I listen to a podcast each week from a guy named Mark Hart (nicknamed the Bible Geek), and he points out that this week, God tells us, “Look, here’s your list.  I want you to give me all that you are, and all that you have…and then some.”  It’s the “and then some” that really makes the difference – that little extra effort.  That little “and then some” is what separates the folks that are just “good people” and the folks that are saints.

In the first reading from the First Book of Kings, we have this story about Elijah the prophet going to the home of this poor woman who is on her last legs – she doesn’t think she has enough food or water to survive in the extreme famine and drought that she’s experiencing.  And as a prophet, Elijah makes a pretty bold statement on behalf of God, asking her for something to eat.  And the woman shows extreme generosity and hospitality.  She gives out of her poverty – everything that she has…and then some.  She does what he says, makes him this little cake, and through her trust and generosity of heart, the promise of God is revealed to her.  God responds to her faithfulness, and took care of her – her flour jar doesn’t go empty, and her water remains.  God took care of her in a way that she could never have taken care of herself.

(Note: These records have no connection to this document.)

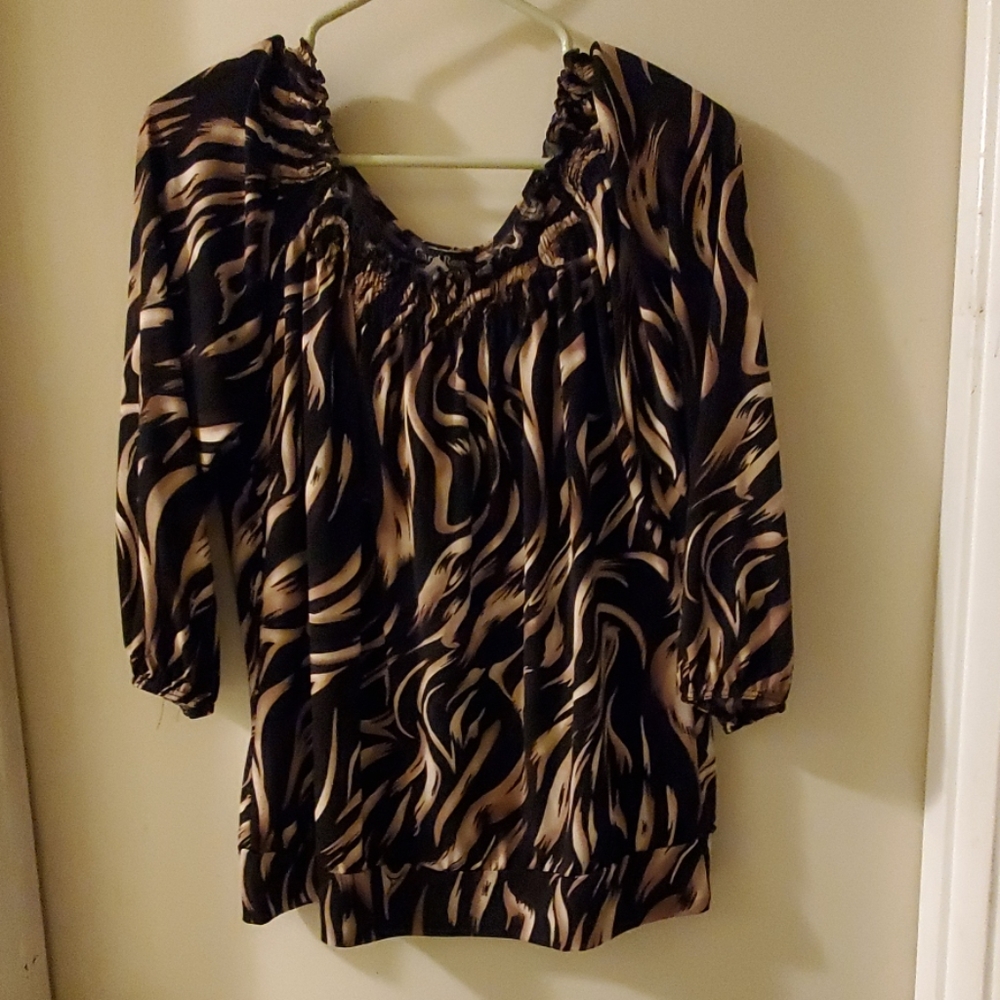 Mid sleeve blouse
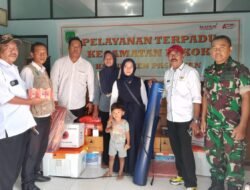 Batuud Koramil Lekok Dampingi Penyerahan Santunan bagi Korban Kebakaran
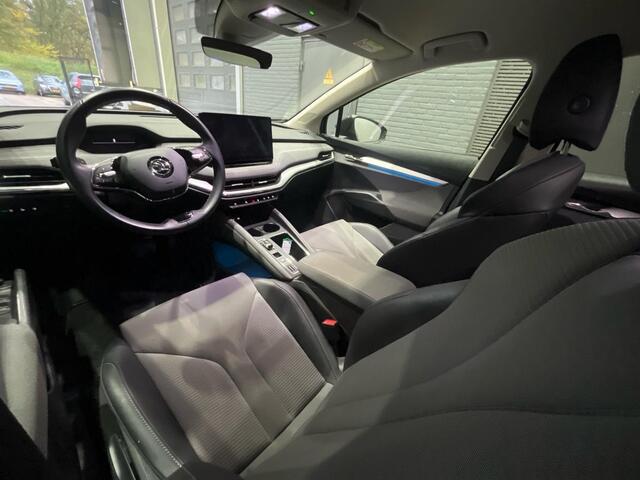 Skoda Enyaq iV 60 | Trekhaak | Camera | Getint Glas | Stoelverwarming | Apple Carplay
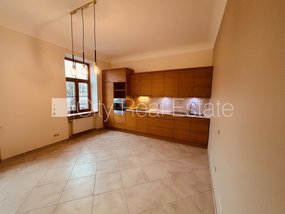 Izīrē dzīvokli Rīgā, Centrā 498839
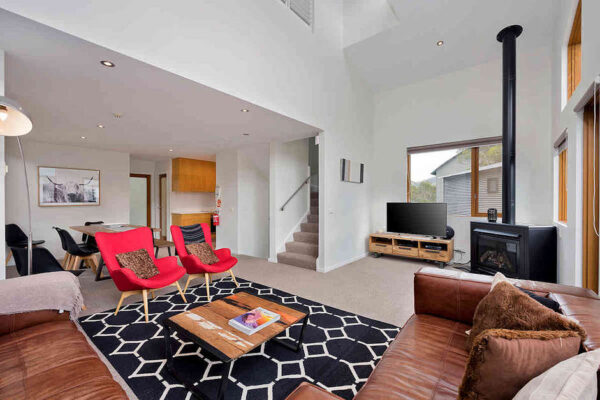 3 Bedroom & Loft Apartment – Snow Stream 10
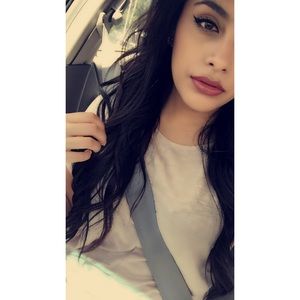 Meet your Posher, Alyssa
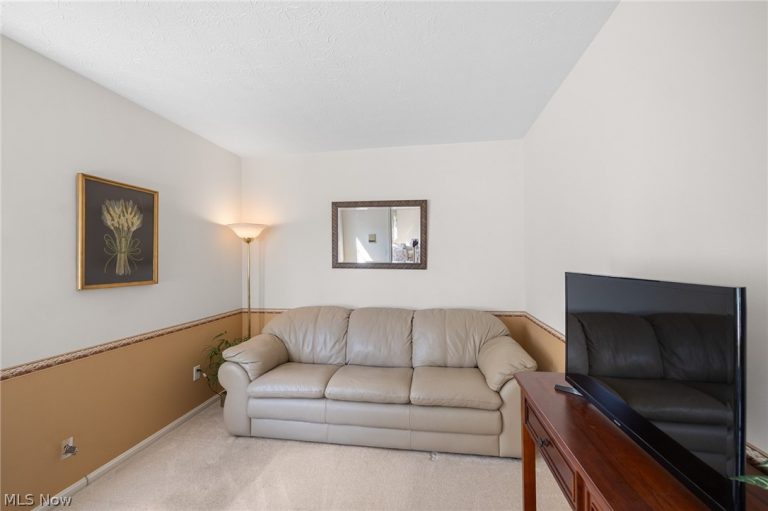18204 Winchester Court, Strongsville, OH - Photo 6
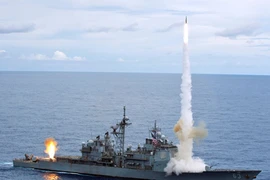 Lai lịch tàu chiến Mỹ suýt húc tàu Trung Quốc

Sant’Apollinare Nuovo, Ravenna, Italy

Then in the Gospel, we hear Jesus start by talking about the scribes and Pharisees, and he tells us to beware of these guys.  So he goes over to the side near the money box and invites his disciples to see what happens.  So these rich people with their long and elaborate prayers and their expensive tassles and their prestige come and put a tithe offering in the box, and it’s a lot of money.  But then this poor widow comes and deposits a few small coins, and Jesus points out that she is putting more in the jar than anyone else.  Sure, the others might have put more in monetarily.  They probably put in more coins, more drachmas, but the poor widow gives more than anyone else because she is giving all that she has…and then some.  There’s nothing wrong with reciting prayers, and there’s nothing bad about giving money.  But we need to ask ourselves if it is for us, or for God.  Do we want to be praised for every little prayer that people see us do, or every little gift that other people see us give?  Do we give until it hurts?  Or do we give until it hurts…and then some?

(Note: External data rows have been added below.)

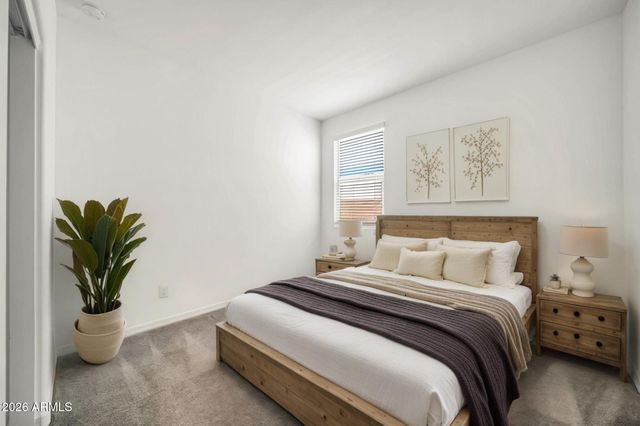 8830 W PASADENA Avenue, Glendale, AZ 85305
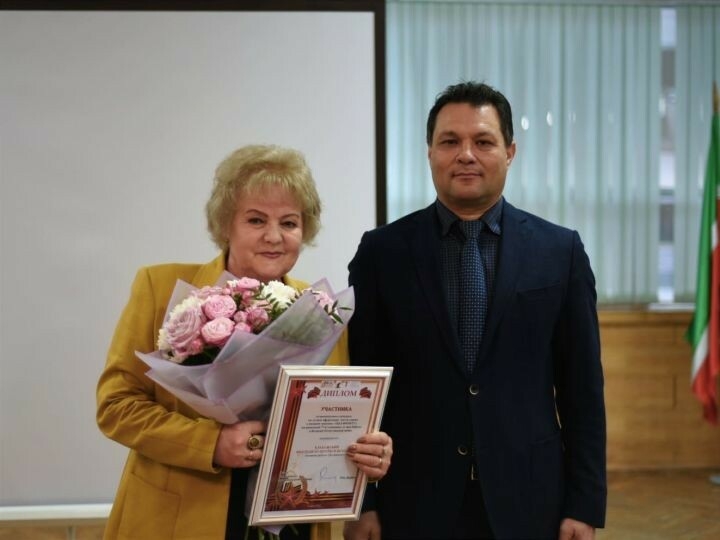 Алабугада муниципаль конкурсларда җиңүчеләр бүләкләнде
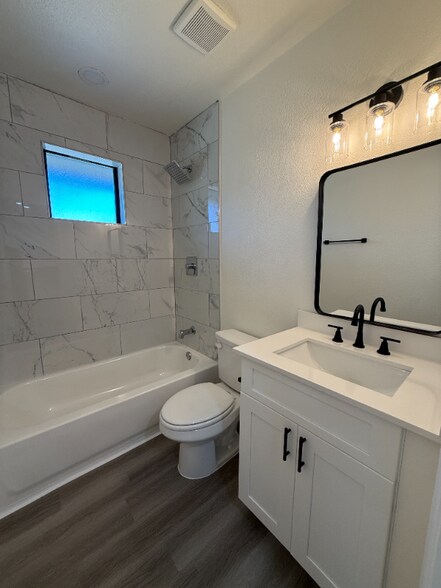 Building Photo - 5221 Bonita Ave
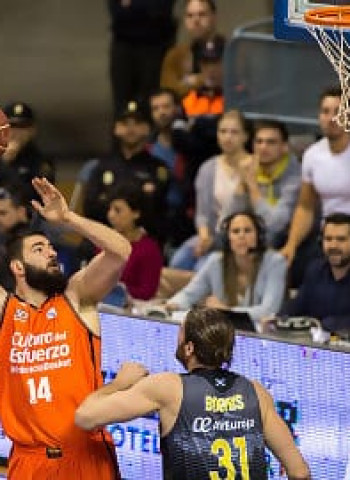 Valencia Basket aprieta la parte alta gracias a un gran Dubljevic (64-65)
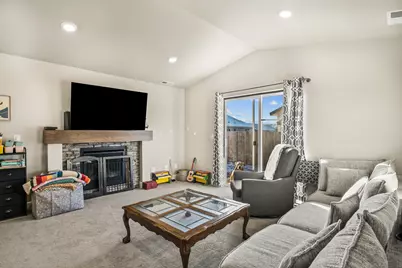 1318 NW Willow Parkway Road, Madras, OR 97741 - Photo 11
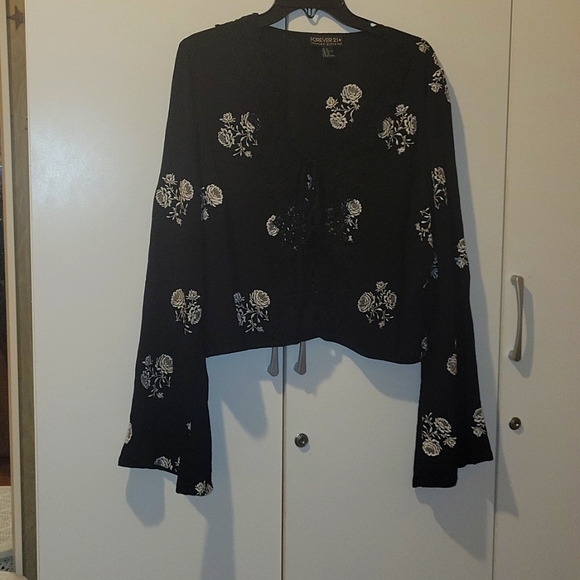 Forever 21 Tops - NWOT FOREVER 21 BLOUSE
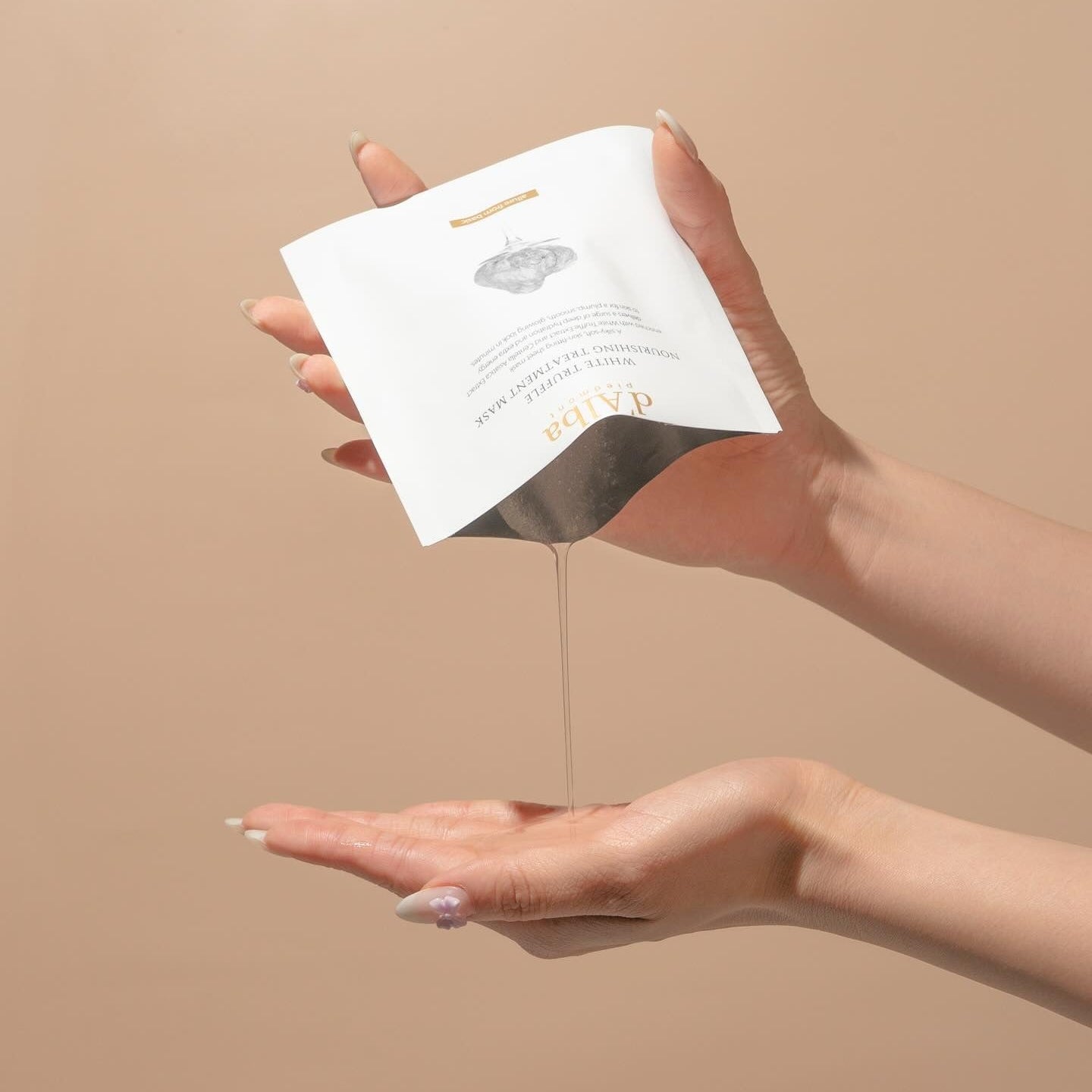 White Truffle Nourishing Treatment Mask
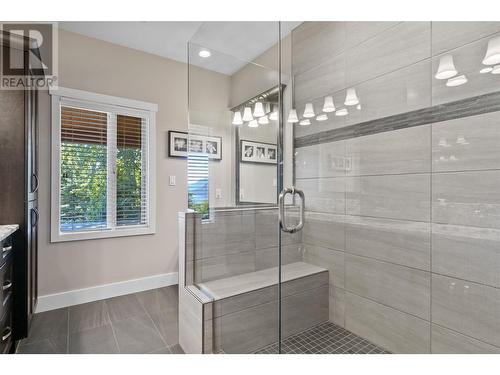 3901 60 Street Nw, Salmon Arm, BC - Indoor Photo Showing Bathroom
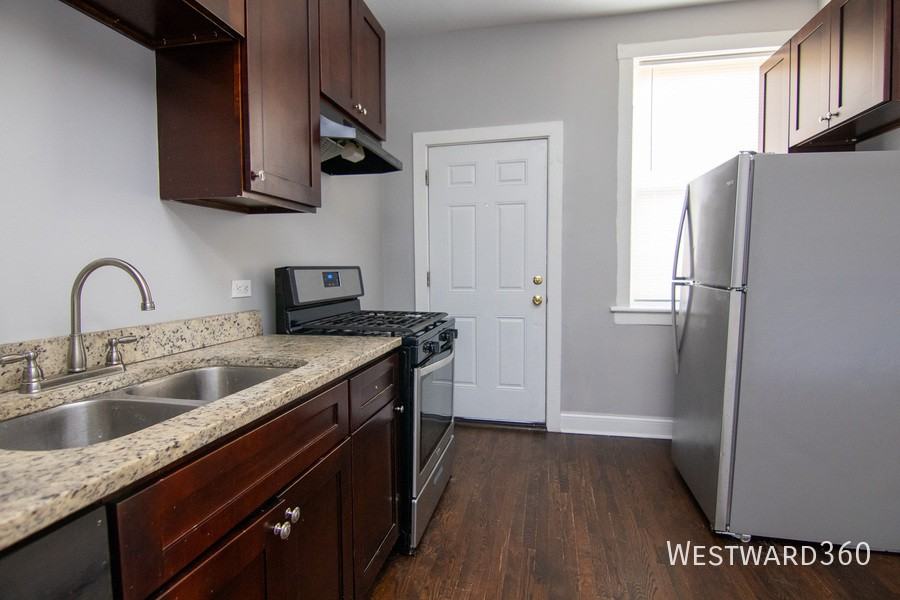 5610 S Michigan Ave #3N - Photo 4 of 19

This year, Pope Benedict is challenging us to live a Year of Faith, and this is the lesson we’re trying to learn.  Some people would take Jesus’ words today to the extreme of thinking that faith is what’s important and the other things like prayer and giving isn’t important.  But we’re not saying that we should get rid of structured prayers like the rosary or the Divine Mercy chaplet or other prayers.  Real and authentic faith doesn’t mean that we get rid of these things.  In fact, there are a lot of people in our parish who can easily tell us how their faith and devotion to God has grown through these sorts of prayers.  What this Year of Faith is challenging us to do, however, is to take a look at what’s in our hearts as we pray, and as we come to church, and as we do things for others.  The Year of Faith challenges us to see why we do these things.  It challenges us to take the time and energy and devotion to pray all these prayers and to go to church, and then to give a little extra from our hearts.  This Year of Faith is all about the message of today – of giving all that we have and all that we are…and then some.

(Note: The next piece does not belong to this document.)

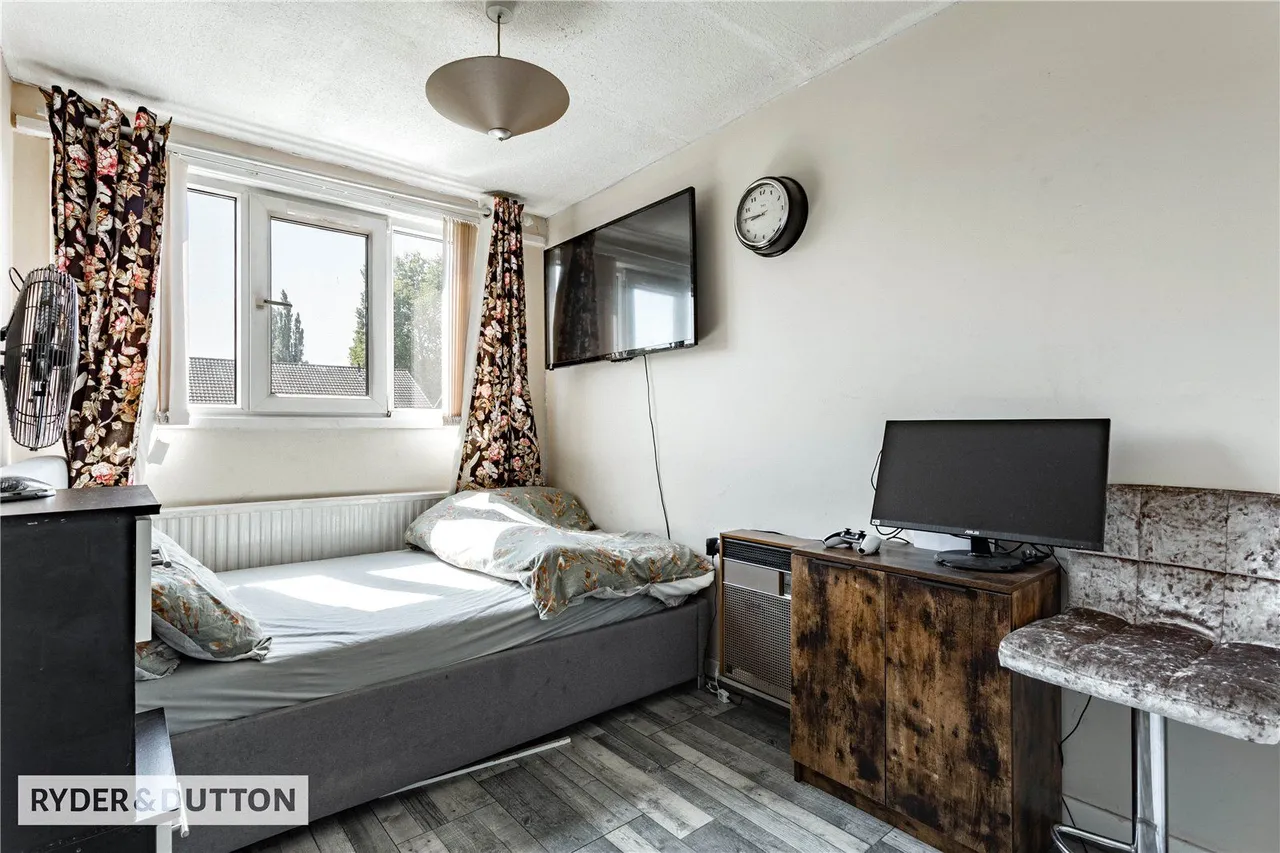 Boarshaw Crescent, Middleton, M24, photo 17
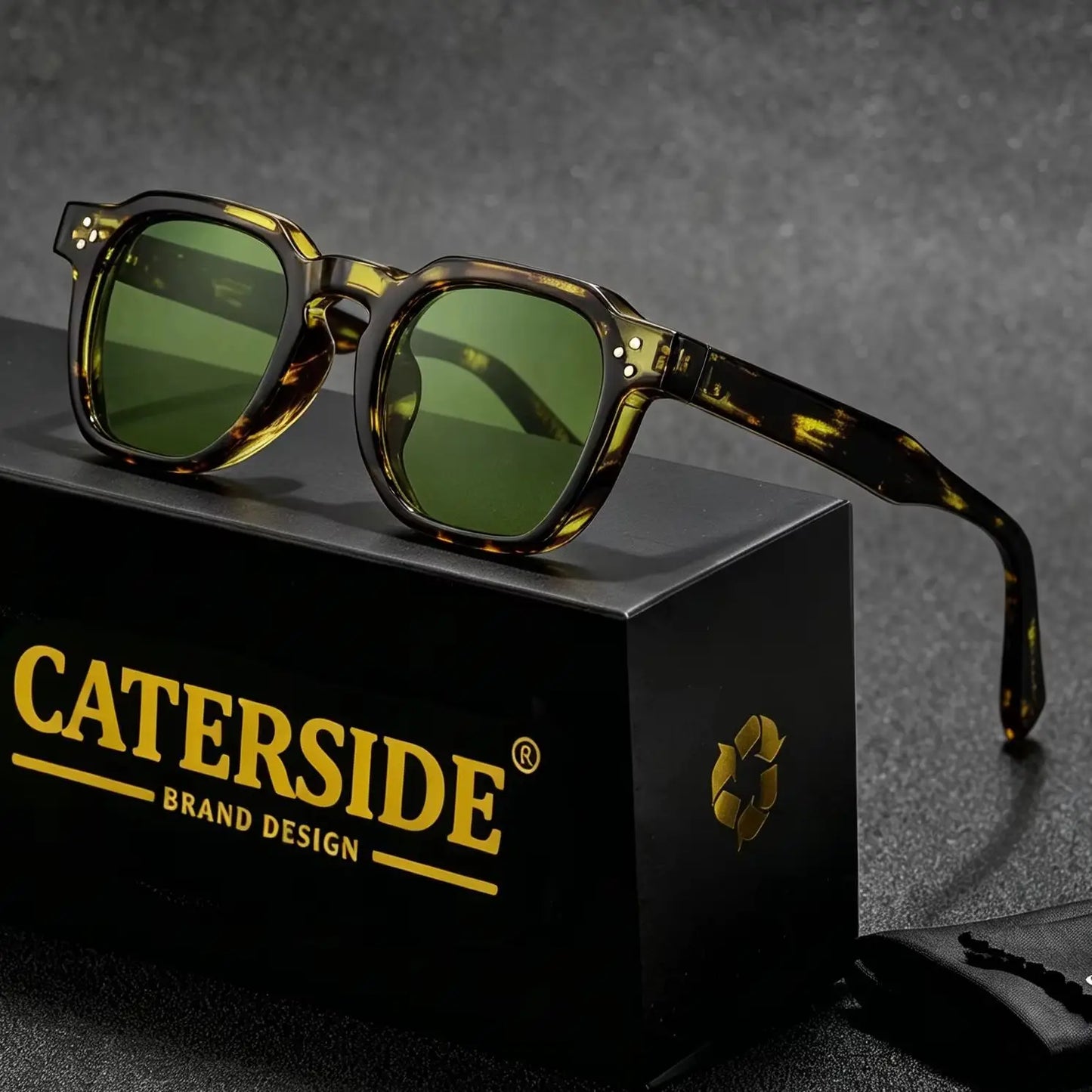 CATERSIDE Retro Square Sunglasses Men Punk Fashion Brand Sun Glasses for Women Travel Party UV400 Summer Style Lunette De Soleil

That’s why we’re here in the first place.  We’re following in the footsteps of one who have everything that he had and then some, and we are re-presenting that event again for us here to receive and to follow.  Look at the crucifix.  That’s a guy who gave us everything that he had, even to the last drops of his blood, and then some.  And he did it not simply because that’s what the Father told him to do, and not simply because it was something that he had to do to check it off his list.  He did it for us out of love.  Now it’s our turn.  Let us receive that great gift of love from Christ Jesus, and through the Eucharist, become people who give everything that we have and everything that we are…and then some.